Hm, I see that there MCHDigitsPP task objects are actually reaching the check sink:

[65095:PP-TASK-RUNNER-MCHDigitsPP]: 2022-07-28 14:12:45.110180     Checking triggers of the task 'MCHDigitsPP'
[65096:PP-TASK-RUNNER-MCHTrendRates]: 2022-07-28 14:12:45.104351     Checking triggers of the task 'MCHTrendRates'
[65097:qc-check-sink-QC_MCHDigitsPP-mo_0]: 2022-07-28 14:12:45.105170     Storing MonitorObject qc/MCH/MO/MCHDigitsPP/Expert/ST3/DE600/Rate_XY_B_600
[65097:qc-check-sink-QC_MCHDigitsPP-mo_0]: 2022-07-28 14:12:45.138184     Storing MonitorObject qc/MCH/MO/MCHDigitsPP/Expert/ST3/DE601/Rate_XY_B_601
[65097:qc-check-sink-QC_MCHDigitsPP-mo_0]: 2022-07-28 14:12:45.170595     Storing MonitorObject qc/MCH/MO/MCHDigitsPP/Expert/ST3/DE602/Rate_XY_B_602
[65097:qc-check-sink-QC_MCHDigitsPP-mo_0]: 2022-07-28 14:12:45.198906     Storing MonitorObject qc/MCH/MO/MCHDigitsPP/Expert/ST3/DE603/Rate_XY_B_603
[65097:qc-check-sink-QC_MCHDigitsPP-mo_0]: 2022-07-28 14:12:45.226696     Storing MonitorObject qc/MCH/MO/MCHDigitsPP/Expert/ST3/DE604/Rate_XY_B_604
[65097:qc-check-sink-QC_MCHDigitsPP-mo_0]: 2022-07-28 14:12:45.253149     Storing MonitorObject qc/MCH/MO/MCHDigitsPP/Expert/ST3/DE605/Rate_XY_B_605

Then it went quite silent because qc-task-MCH-MCHDigits an End Of Stream message, while MCHDigitsPP was configured to trigger when the first produces new objects.

As documented here:

The beautify function is called after the check function if there is a single dataSource of type Task in the configuration of the check.
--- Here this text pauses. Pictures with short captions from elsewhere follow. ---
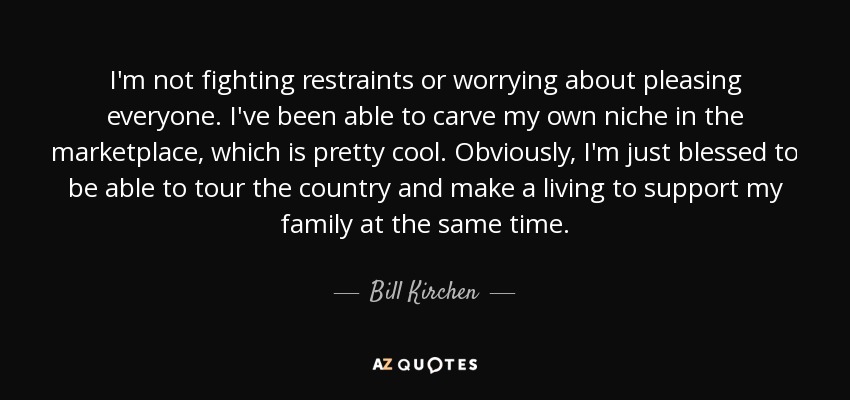 I'm not fighting restraints or worrying about pleasing everyone. I've been able to carve my own niche in the marketplace, which is pretty cool. Obviously, I'm just blessed to be able to tour the country and make a living to support my family at the same time. - Bill Kirchen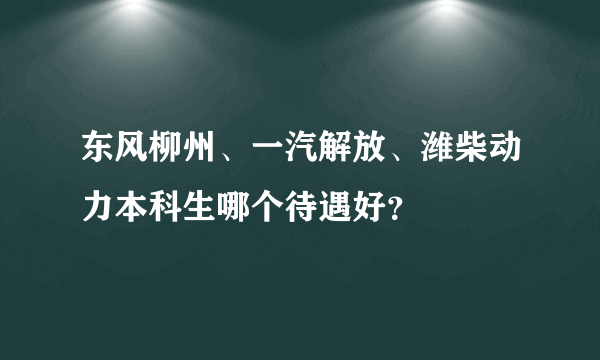 东风柳州、一汽解放、潍柴动力本科生哪个待遇好？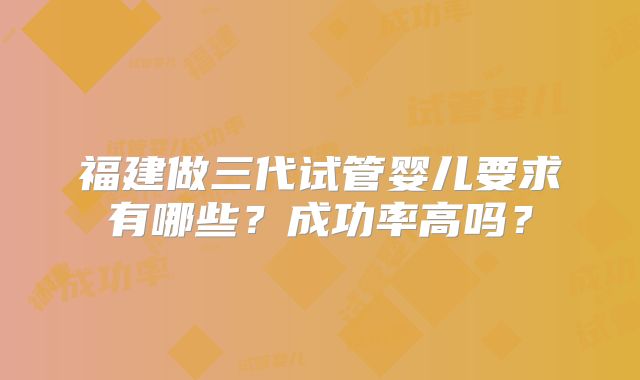 福建做三代试管婴儿要求有哪些？成功率高吗？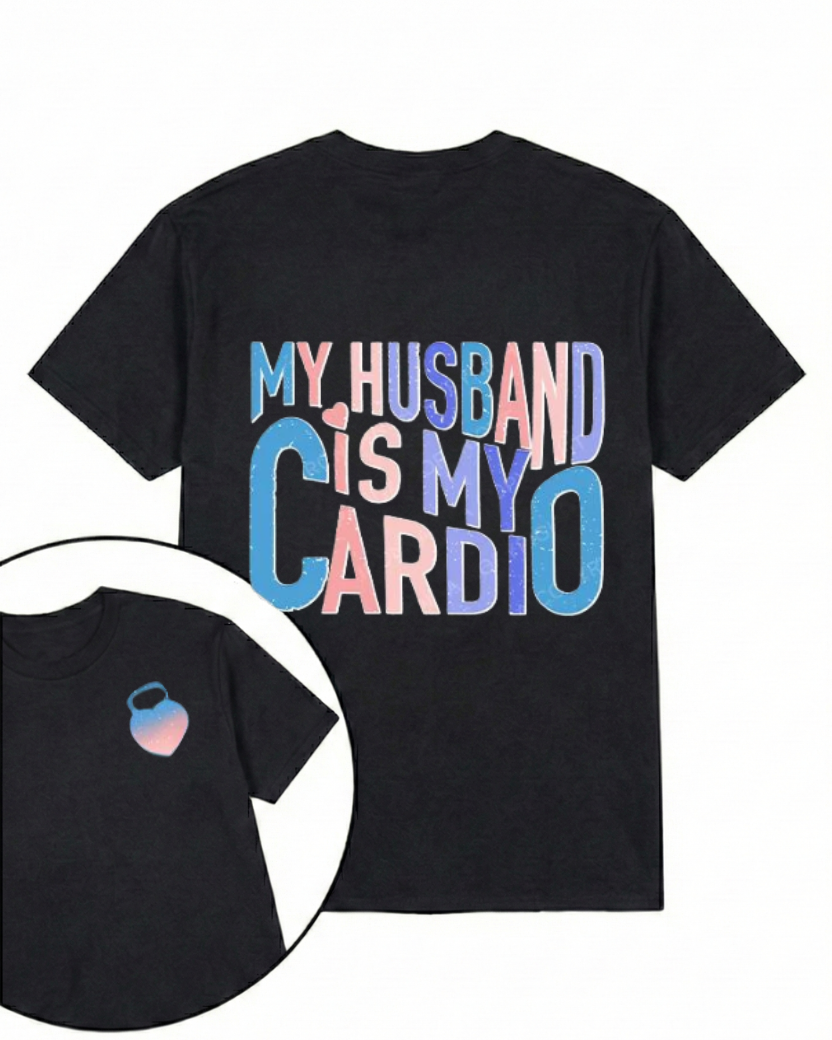MY HUSBAND IS MY CARDIO PRINTED GYM SHIRT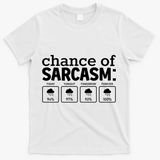 Chance Of Sarcasm Funny Sarcastic Weather Meme T-Shirt - White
If there is more than one, the beautify() is not called in this check.

you should not expect that beautify() is called for the results of the post-processing task. This design decision was due to potential problems of having two copies of the same objects which are beautified in different ways in different processes.

However, it is weird that these objects do not reach the check runner at all, indeed i can see only these:

[65106:qc-check-MCH-QcCheckMCHDigitsPP]: 2022-07-28 14:12:36.074852     CheckRunner qc-check-MCH-QcCheckMCHDigitsPP received an array with 10 entries from MCHDigits

this looks like a bug in QC.

However, due to the previously mentioned limitation (which I forgot about before), you will probably have to approach the problem differently. Would it work for you to access the check result in the post-processing task? It is done e.g. in TrendingTask like this:

    } else if (dataSource.type == "repository-quality") {
      auto qo = qcdb.retrieveQO(dataSource.path + "/" + dataSource.name, t.timestamp, t.activity);
      if (qo) {
        mReductors[dataSource.name]->update(qo.get());
      }

then you could create beautified plots directly in your post-processing task, based on the result you retrieve from the QCDB.

aferrero · September 8, 2022, 12:05pm

Hi @pkonopka!

Sorry for the long silence…

In the tests I am doing, the beautify method is actually called by the Checker even if the dataSource type is set to PostProcessing (but the checker has only one data source). Is this supposed to change in the future?

Piotr Konopka:

However, due to the previously mentioned limitation (which I forgot about before), you will probably have to approach the problem differently. Would it work for you to access the check result in the post-processing task? It is done e.g. in TrendingTask like this:
    } else if (dataSource.type == "repository-quality") {
      auto qo = qcdb.retrieveQO(dataSource.path + "/" + dataSource.name, t.timestamp, t.activity);
      if (qo) {
        mReductors[dataSource.name]->update(qo.get());
      }
then you could create beautified plots directly in your post-processing task, based on the result you retrieve from the QCDB.

Yes, this would work, thanks!

pkonopka · September 12, 2022, 7:13am

Sorry, I think the documentation was actually unclear. beautify can be called if there is just one dataSource of any kind. I will fix the doc.

This would mean that the behaviour is not supposed to change in the future.